Да, душно во дворе, и комары не дают покоя. А в Шемахе и в дедушкиной деревне сейчас прохладно, говорит мать, там горный воздух, горная вода, деревья ломятся от плодов, сады полны цветов, и никакого комарья!
— Нет, нам надо скорее уезжать отсюда.
Мы ждем чуда, и через некоторое время чудо свершается. Приезжает брат моего отца, дядя Сурен. Я вижу его впервые, а наслушался рассказов о нем много. Убежал он из дому, когда ему было шестнадцать лет: повздорил с дедом, к тому же выдрал с товарищами бороду у школьного священника Тер-Минаса — за двойки, которые тот поставил им в четверти.
Дяде Сурену около тридцати лет. Он высокий и красивый. В него в первый же день влюбляются все женщины нашего двора. Живет он в Тифлисе. К нам он приехал, услышав от кого-то из родственников о нашем бедственном положении. О смерти своего отца и матери он, оказывается, ничего не знал. Отца он не жалел, но по матери сильно сокрушался.
Дядя Сурен рассчитывается с мамиными долгами, покупает нам обувь и одежду, нанимает арбу, на которой мы должны доехать до Шемахи; оттуда уже мы будем перебираться в дедушкину деревню.
И вот наконец-то наступает долгожданный день нашего отъезда в Шемаху. Мы ходим из квартиры в квартиру и прощаемся с нашими соседями.
Потом, окруженные ребятишками, мы возвращаемся в нашу комнату, чтобы захватить корзины с продуктами и кувшины с водой. Ведь нам придется целых три или четыре дня ехать по пустынной степи. Говорят, от Баку до Шемахи больше ста верст. Это, видимо, и на самом деле очень далеко.
В комнату входит дядя Сурен.
За эти несколько дней я подружился с ним, и он любит подурачиться со мной. Дядя Сурен очень сильный. Мать говорит, что силой он весь пошел в деда. И правда, дяде Сурену ничего не стоит взять меня под мышки и подбросить к самому потолку. А ведь я, хотя и щупленький с виду и небольшого роста (мне никто десяти лет не дает), все же не такой уж легкий.
Дядя Сурен берется за стол, чтобы взвалить его на спину, но я пристаю к нему с просьбой показать моим товарищам, как он подбрасывает меня к потолку, а то они не верят, что он такой сильный.
— Гарегин, некогда сейчас, — говорит дядя Сурен.
Но я знаю, что он добрый, и не отстаю от него, хожу вокруг него с поднятыми руками.

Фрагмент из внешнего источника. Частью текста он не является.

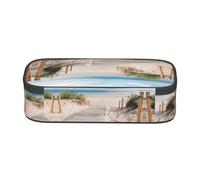 ESNAIUVCD Astuccio per matite per bambini, con stampa di paesaggi sulla spiaggia, astuccio per penne di grande capacità, astuccio per penne per la scuola elementare, astuccio per cancelleria per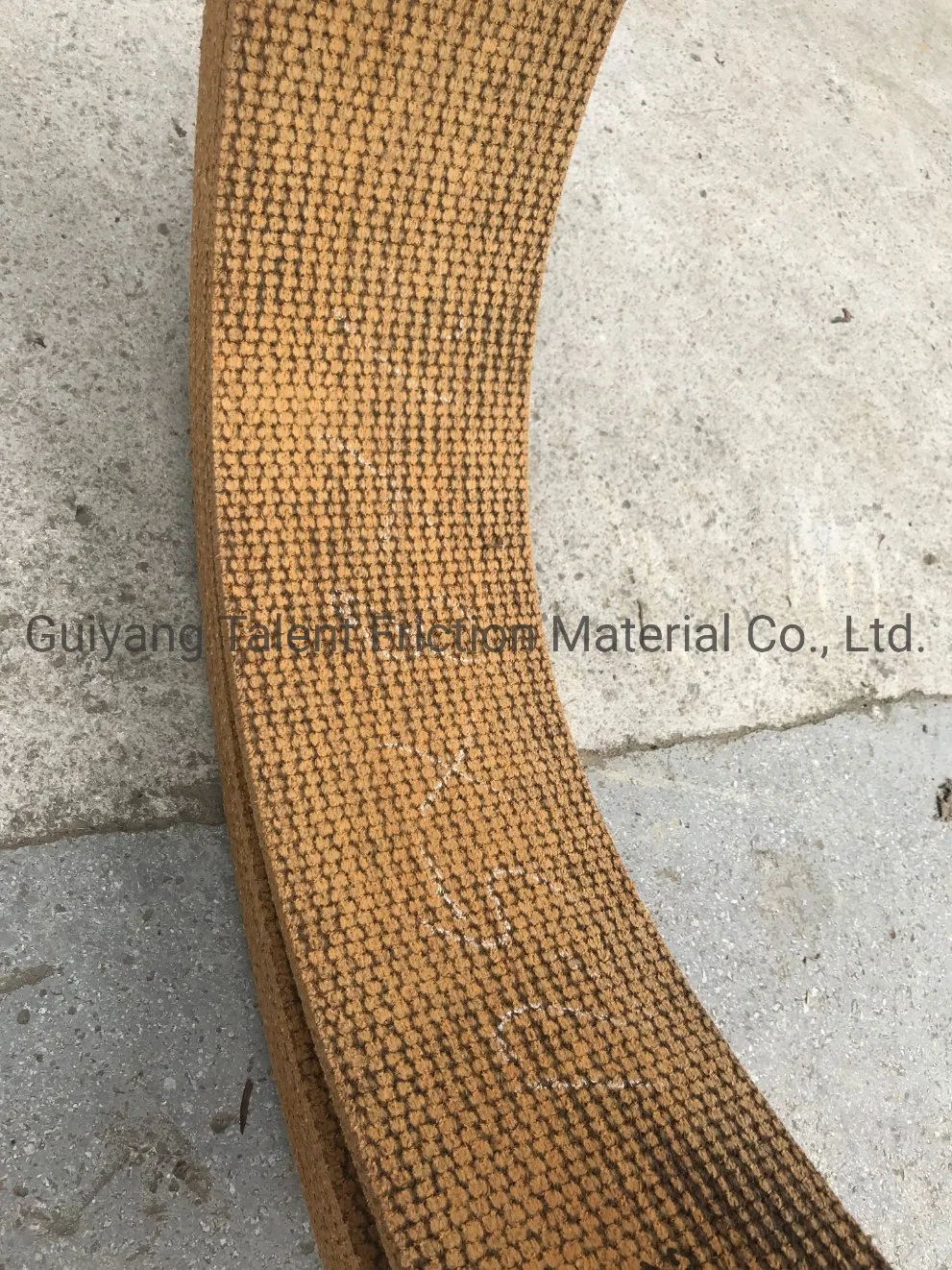 SAE Quality Standard 3'' X 3/8'' Semi-Flexsible Yellow Brown Color Woven Brake Lining Rolls in Customised Sizes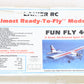 Lanier RC Fun Fly 40 48" Wingspan Plastic & Plywood Plane Kit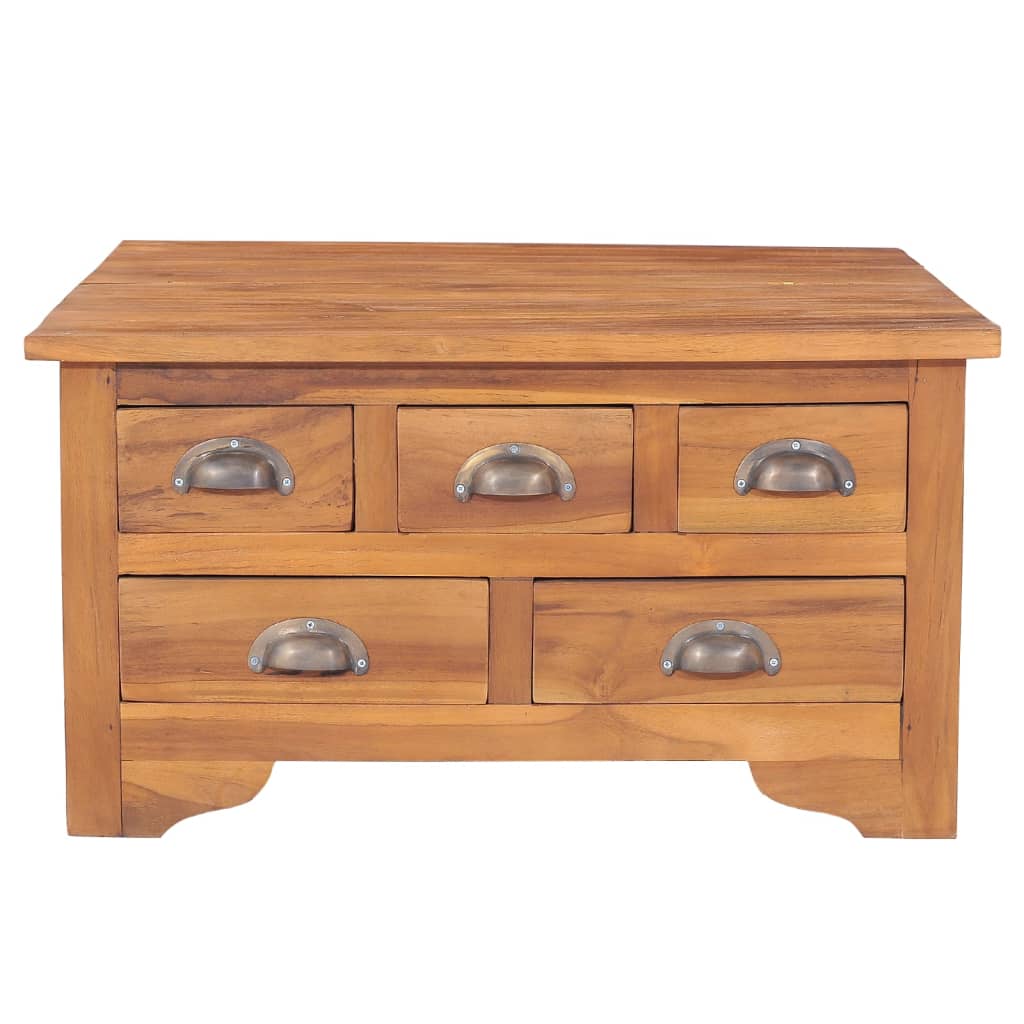 Τραπέζι Σαλονιού με 65x64x35 εκ. Μασίφ Ξύλο Teak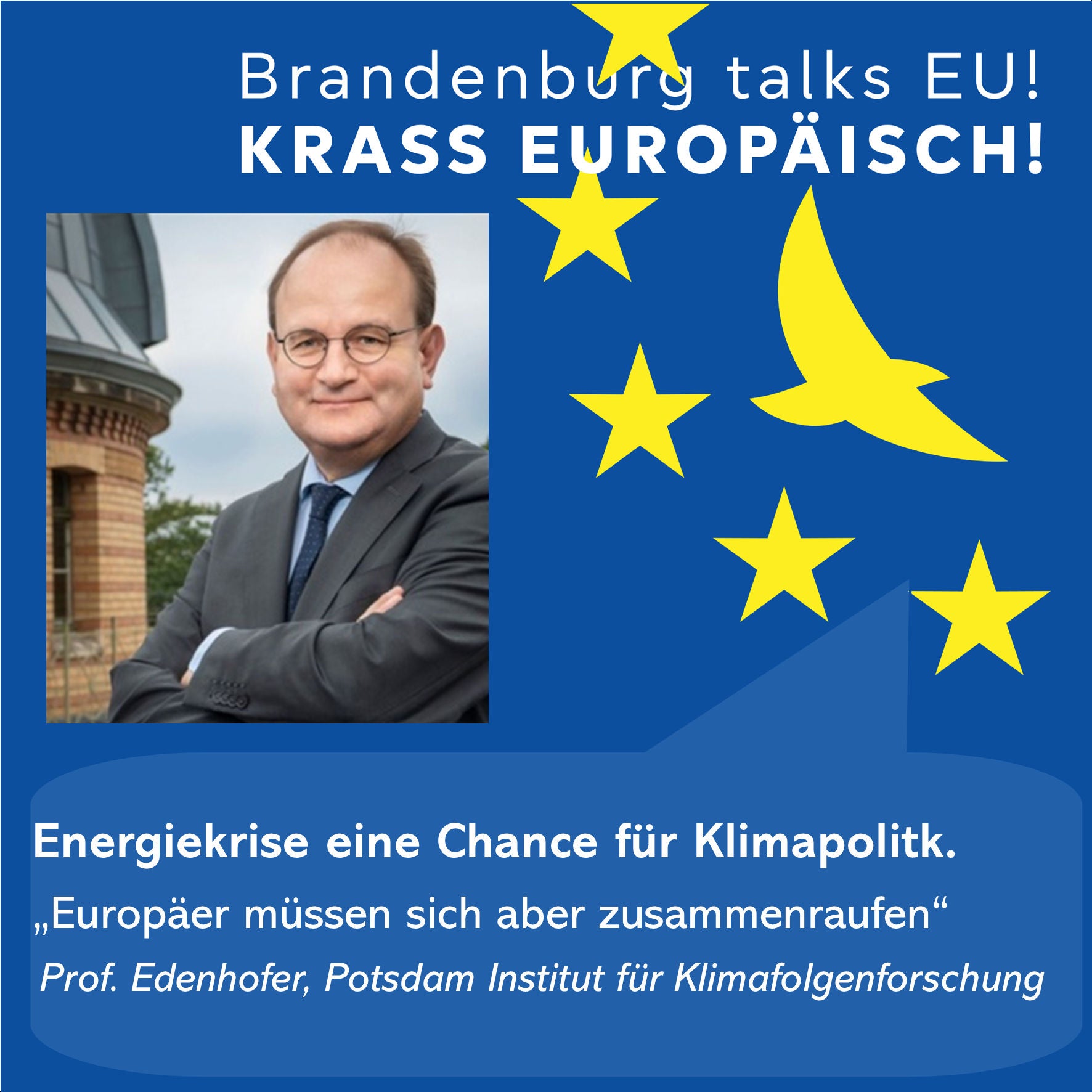 PIK-Direktor Ottmar Edenhofer: Energiekrise eine Chance für Klimapolitik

И он сдается. Отодвигает к стене стол, берет меня под мышки. Произносит: «Раз, два, три» — и со счетом «Четыре» подбрасывает вверх. Я лечу к потолку, чуть не касаясь его головой. Забавно видеть сверху восторженные лица Топорика, Виктора и Ларисы. И снова я поднимаю руки.
— Нет! — твердо говорит дядя Сурен. — Хватит!
Но я прошу его еще раз, в последний раз, подбросить меня, и он нехотя берет меня под мышки…
Я раскрываю глаза. Смотрю по сторонам. Да, это наша комната. Сводчатый потолок. Фанерная перегородка. Вот и чертик, нарисованный мною химическим карандашом, за что мне тогда попало от матери. Вот и посудный шкафчик и стол у окна. А вот на подоконнике сидит мать и заплетает косу. Я вглядываюсь в нее. Она мне кажется очень изменившейся и печальной…
— Ма, почему я в постели днем?
Мать вздрагивает, оборачивается, долго смотрит на меня каким-то отчужденным взглядом, потом откидывает за спину свою тяжелую косу, с воплем подбегает к кровати, падает на колени, хватает меня обеими руками за голову, целует, как безумная:
— Боже мой! Он поправился, он поправился, он поправился!
Она вскакивает, снимает со стены иконку и, поставив ее на стол, начинает горячо молиться.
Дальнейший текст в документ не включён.